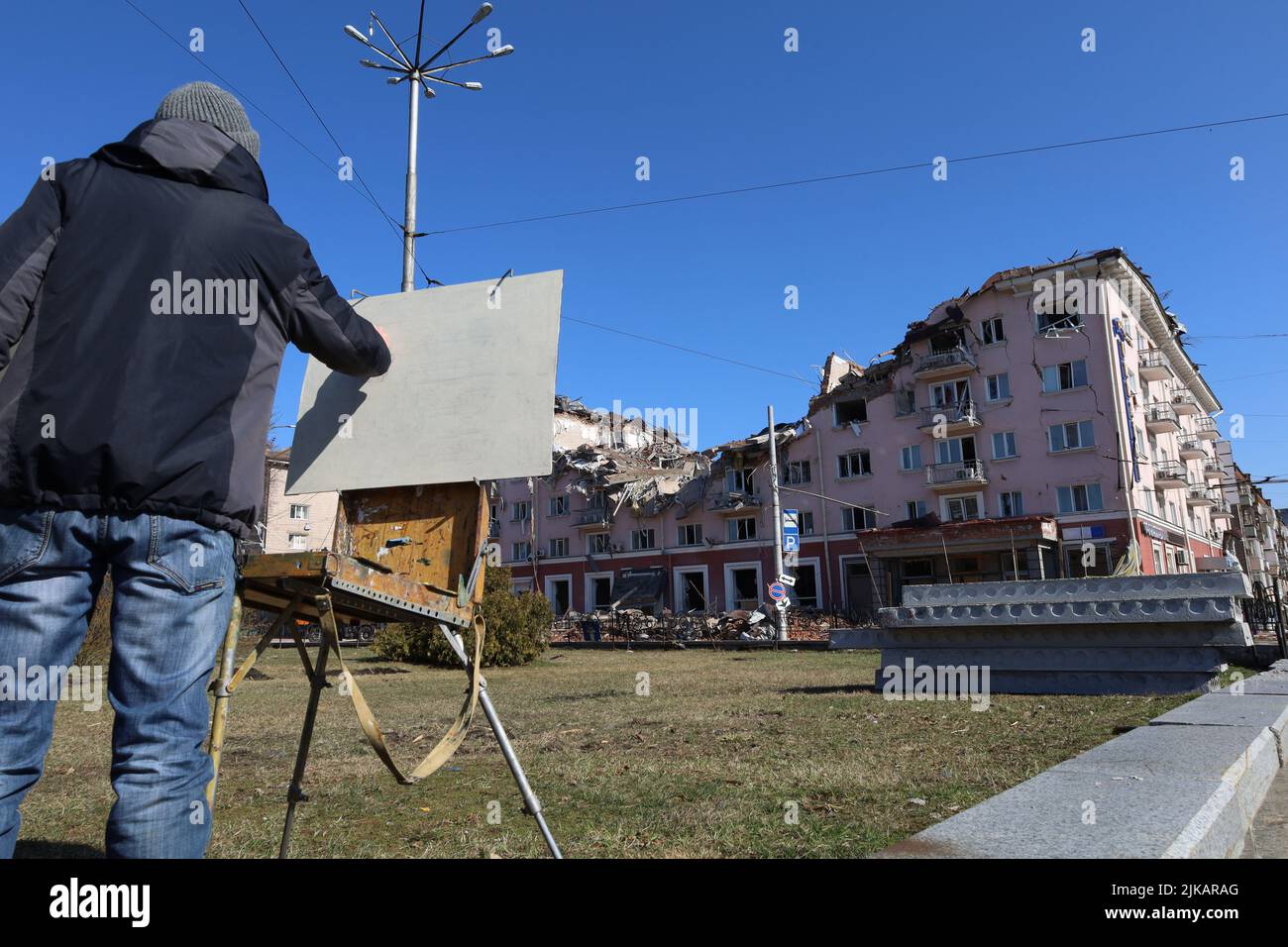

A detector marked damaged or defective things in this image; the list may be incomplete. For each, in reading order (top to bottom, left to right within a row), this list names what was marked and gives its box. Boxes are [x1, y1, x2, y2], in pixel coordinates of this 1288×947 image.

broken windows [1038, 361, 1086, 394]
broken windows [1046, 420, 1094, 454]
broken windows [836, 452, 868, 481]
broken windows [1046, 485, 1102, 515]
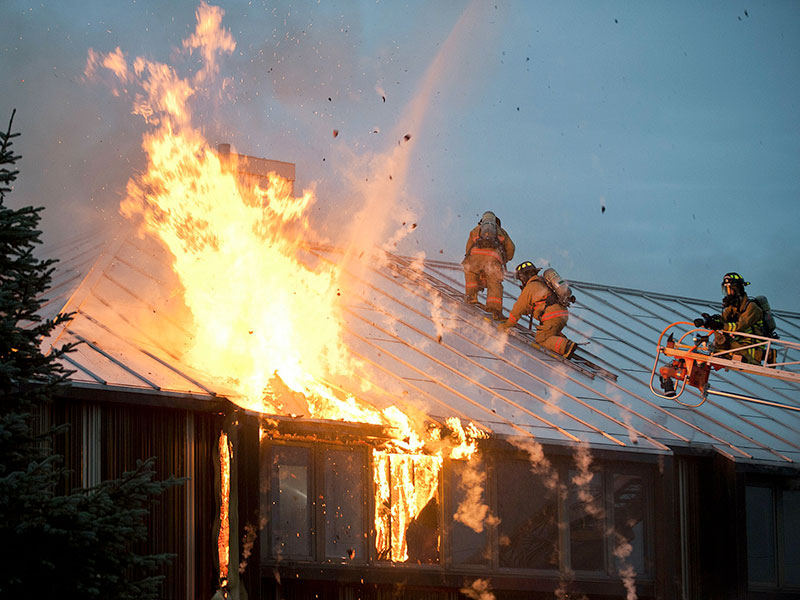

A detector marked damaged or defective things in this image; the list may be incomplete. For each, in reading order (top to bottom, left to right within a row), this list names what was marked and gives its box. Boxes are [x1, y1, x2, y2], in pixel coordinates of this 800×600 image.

* Problem details
Copy out all the records exactly as they read, and omit the pictures.

* Result for this task
A detector marked damaged or defective things in this image; the list may be incomplete. For each, in reading order (top to bottom, left to right within a row), this list names what was marked and gives its box. Boxes are [x1, y1, x2, y2], in pixel coordinates of this 1288×947 image.

broken windows [1038, 361, 1086, 394]
broken windows [1046, 420, 1094, 454]
broken windows [836, 452, 868, 481]
broken windows [1046, 485, 1102, 515]

A detector marked damaged or defective things in this image; the list may be incomplete. For each, in reading order (top to bottom, left to right within a row), this list names what was marked and gives its box. Boxes are [x1, y1, x2, y2], in pixel coordinates of this 800×600 image.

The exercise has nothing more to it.